Graham Spooner, investment research analyst at The Share Centre, reviews the five stock picks the group recommended at the start of the year:

National Grid
“At the halfway stage National Grid are up a healthy 10% (including its recent dividend). The results, as we would hope from a utility company, have been viewed as solid. Management expect good organic growth and healthy returns, which should support sustainable dividend growth. The stock remains a core stock for an income portfolio.”

William Hill
“This has been a tough first half of the year for William Hill, leading to a 17% fall in the share price. A combination of poor sporting results and, more importantly, tax increases on gambling machines in the budget has hit the sector. Also, to compound matters the shares were demoted from the FTSE 100.

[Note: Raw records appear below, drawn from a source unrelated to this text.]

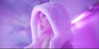 maria_domark Altpins Profile Picture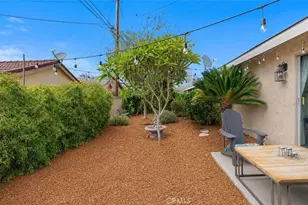 5339 Stevely, Lakewood, CA 90713 - Photo 15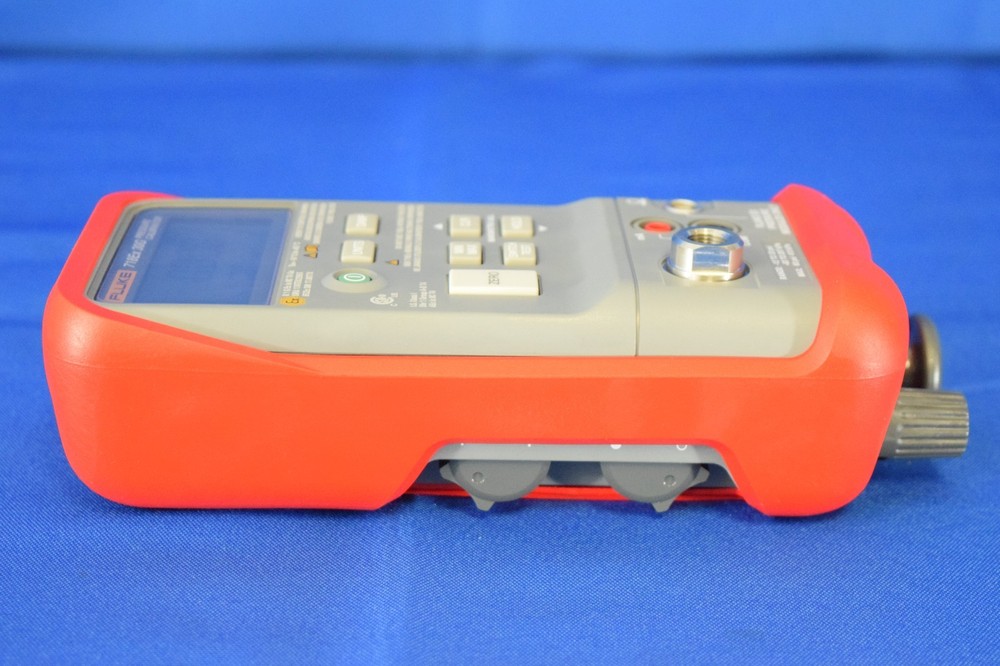 Fluke 718Ex 30G Pressure Calibrator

“We continue to recommend William Hill as a ‘buy’, but the risk has risen. Growth in its mobile and online operations and selective international expansion should provide regional, regulatory and economic diversification, while expanding its services to appeal to a wider demographic.”

Aviva
“With the FTSE 100 currently unchanged on the year, a 13% rise in the share price of Aviva is pleasing. Results were ahead of forecasts, with a larger fall in debt and expectations of improving earnings into 2015. Although the shares have had a strong run over the last two years we hope there could be more to come, along with a return to dividend growth.”

Earthport
“Earthport is the best performer so far from our picks with a rise of 15%. There has been a steady stream of contract wins with some large financial institutions. Results have highlighted good revenue growth and we hope that its services will continue to attract more blue chip customers. We believe longer term attractions remain for investors.”

Incadea
“Incadea is building for the future, with some new contracts and hopes for more to come through in the second half. There has been little to get excited about in the short term, hence the share price fall of 2%. The stock remains a higher risk smaller company to tuck away for the longer term, however there is unlikely to be any significant boost over the next six months.”